Grâce aux conventions arrêtées entre les jeunes gens, et qui donnaient à leur amour si longtemps contenu toute l'expansion possible, trois ou quatre jours s'écoulèrent, pareils à des instants, et pendant lesquels ils furent les êtres les plus heureux du monde.
Mais la terre, qui semblait s'être arrêtée pour eux, n'en continuait pas moins de tourner pour les autres, et les événements qui devaient les réveiller au moment où ils s'y attendaient le moins se préparaient en silence.
Monsieur le duc de Richelieu avait tenu sa promesse ; le maréchal de Villeroy, absent des Tuileries pour une semaine seulement, comme nous l'avons vu, y avait été rappelé le quatrième jour par une lettre de la maréchale qui lui écrivait que sa présence était plus que jamais nécessaire auprès du roi, la rougeole venant de se déclarer à Paris et ayant attaqué quelques personnes du Palais-Royal.

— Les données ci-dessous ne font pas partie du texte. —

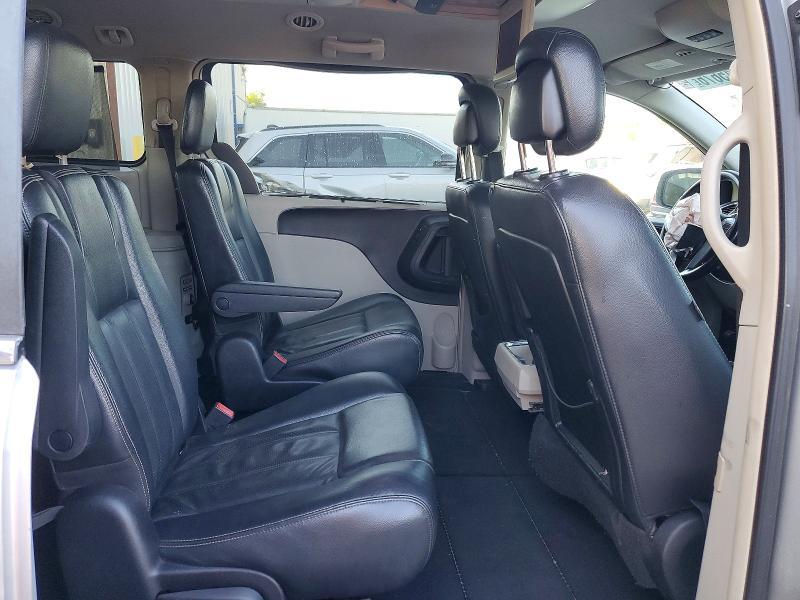 2012 Chrysler Town & Country Touring l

M. de Villeroy était revenu aussitôt ; car, on se le rappelle, toutes ces morts successives qui, trois ou quatre ans auparavant, avaient affligé le royaume, avaient été mises sur le compte de la rougeole, et le maréchal ne voulait point perdre cette occasion de faire parade de sa vigilance, dont il exagérait l'importance et surtout les résultats. En effet, comme gouverneur du roi, il avait le privilège de ne le quitter jamais que sur un ordre de lui-même, et de rester chez lui quelque personne qui y entrât, même le régent. Or, c'était surtout vis-à-vis du régent que le duc affectait ces précautions étranges, et comme ces précautions servaient la haine de madame du Maine et de son parti, on louait beaucoup M. de Villeroy, et on allait répandant partout qu'il avait trouvé sur la cheminée de Louis XV des bonbons empoisonnés qui y avaient été déposés on ne savait par qui. Le résultat de tout cela était un surcroît de calomnie contre le duc d'Orléans, et partant un surcroît d'importance de la part du maréchal, qui avait fini par persuader au jeune roi que c'était à lui qu'il devait la vie. Grâce à cette conviction, il avait acquis une grande influence sur le coeur de ce pauvre enfant royal, qui habitué à tout craindre, n'avait de confiance et d'amitié que pour M. de Villeroy et M. de Fréjus.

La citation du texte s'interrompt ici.